The model takes all post fights stats in a dataframe from ufcstats.com. The simplest model to predict fights would simply shift all rows backwards one to get the fighter’s postfight stats from the previous fight and use those to predict the upcoming fight. However, I do some feature engineering that increases the accuracy like (fighter1_age / fighter2_age) which I encode in the age_differential stat. This way I can directly compare stats between two fighters before the fight. Unfortunately this adds complexity because it means we end up with three categories of stats:

  1. Stats that don’t change prefight to postfight like age, days since last competition or reach.
  2. Stats that are known prefight but change after the fight such as win streak.
  3. Stats that are only known postfight, like significant strikes landed

Each of these stats has to be handled in different ways in the upcoming fights prediction dataframe. Age_differential can be used to directly compare a fighter to his upcoming opponent without using the previous fight stats since I recalculate age before doing the _differential between the upcoming fighters.
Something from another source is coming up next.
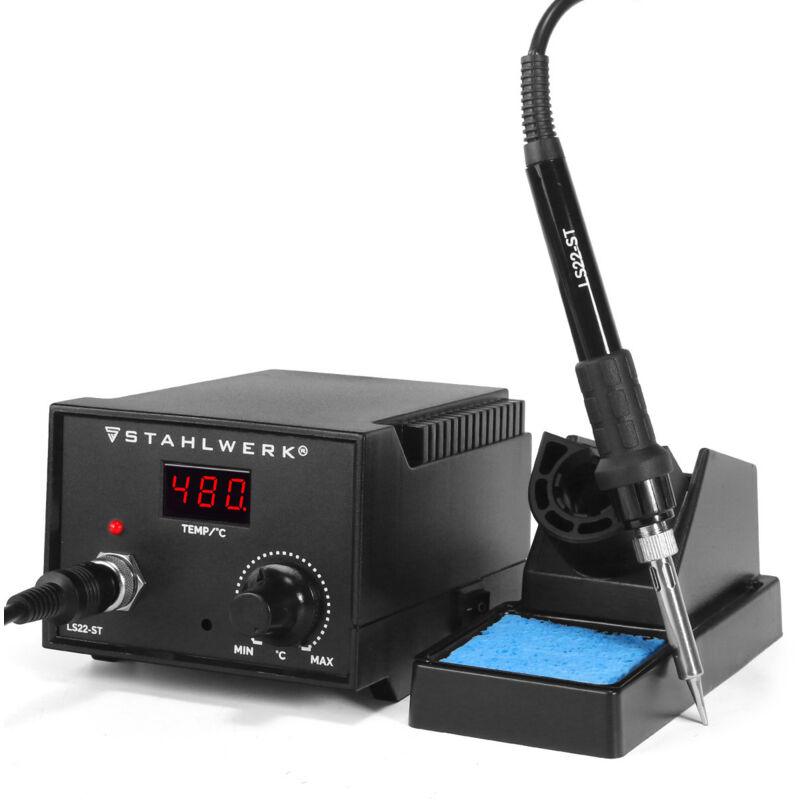 foto del prodotto stahlwerk ls22 st stazione di saldatura multifunzione da 22 watt con saldatore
Win_streak_differential can be used to directly compare two fighters before their fight but that stat changes after the fight. That means I must recalculate win_streak_differential for each fight but I don’t recalculate things like avg_win_streak. That avg_win_streak is just the stat from the previous fight. And therein lied the bug. In the training dataset, win_streak_differential was being calculated using the postfight stats the same as the prediction dataframe was calculating it, meaning the training data could peak into the outcome of the fight. This was a bug introduced in the previous update to the model when I added stat_peak and stat_valley features.
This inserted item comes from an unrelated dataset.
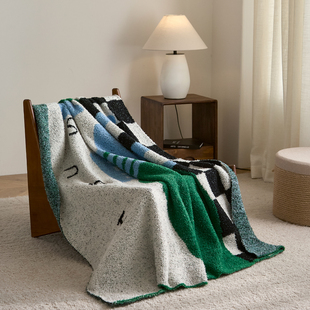 造物美居 加厚毯子 出口品质毛毯办公室午睡毯半边绒沙发盖毯四季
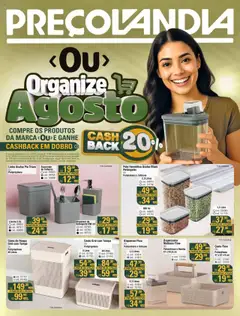 Pré-Visualização do folheto "Ofertas atuais" da loja Preçolandia válido a partir de 15/07/2025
I ended up finding and fixing this bug by using unit tests. Unit tests are little checks you do to confirm a function is performing what you expect it to perform. In this case, I checked that the win_streak_differential was actually measuring the prefight winstreak between the fighters in the training dataset. I implemented a lot of other checks and this was the only bug found so I feel fairly confident the rest of the data is being handled appropriately. I focused effort strongly on the stats that handle the records of the fighters such as KO_losses, win_loss_ratio, etc, as those have the biggest effect should they leak postfight data to the training dataset.

Ultimately, this brought the accuracy down from 71%+ to 68% but that accuracy number makes sense given the many other UFC prediction models I’ve researched and still puts it in the top 2 most accurate UFC prediction models that are publicly known.